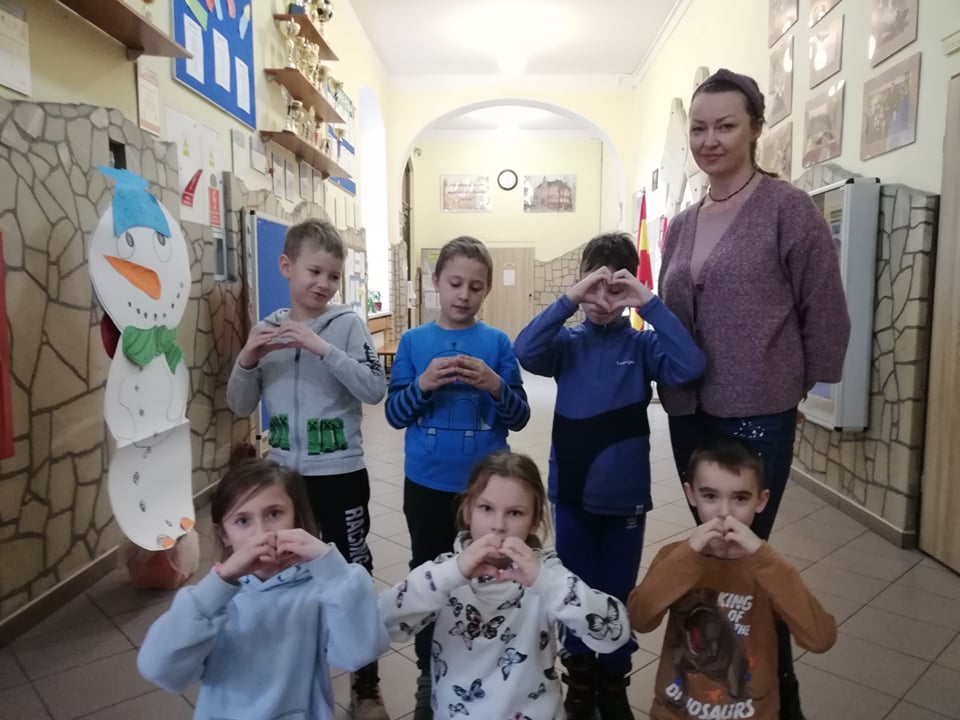 Rusza akcja wolontariuszy w żagańskiej szkole podstawowej Radio Zachód - Lubuskie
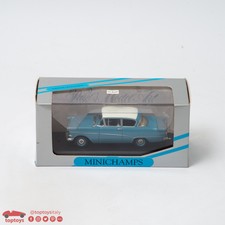 Minichamps opel rekord usato  Roma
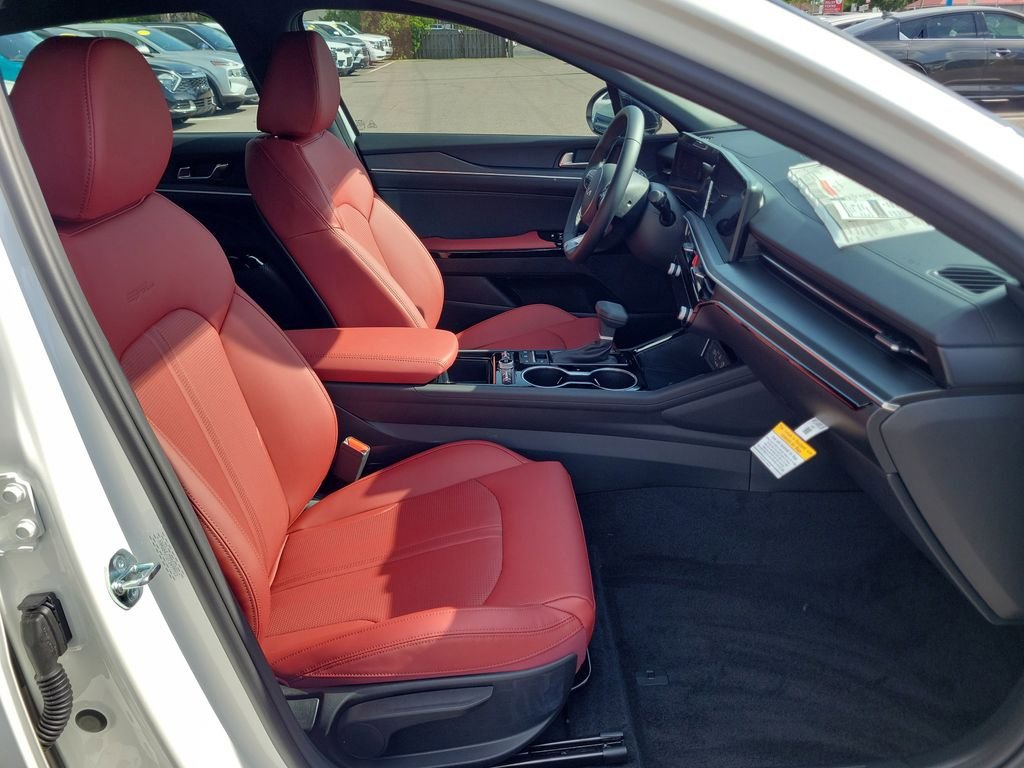 New 2026 Kia K5 GT-Line w/ GT-Line Red Interior Package FWD image 7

--------------------------------------------------

● How to complete this task
Every line above should be copied exactly; do not carry over the pictures.

● Response below
 Rusza akcja wolontariuszy w żagańskiej szkole podstawowej Radio Zachód - Lubuskie
 Minichamps opel rekord usato  Roma
 New 2026 Kia K5 GT-Line w/ GT-Line Red Interior Package FWD image 7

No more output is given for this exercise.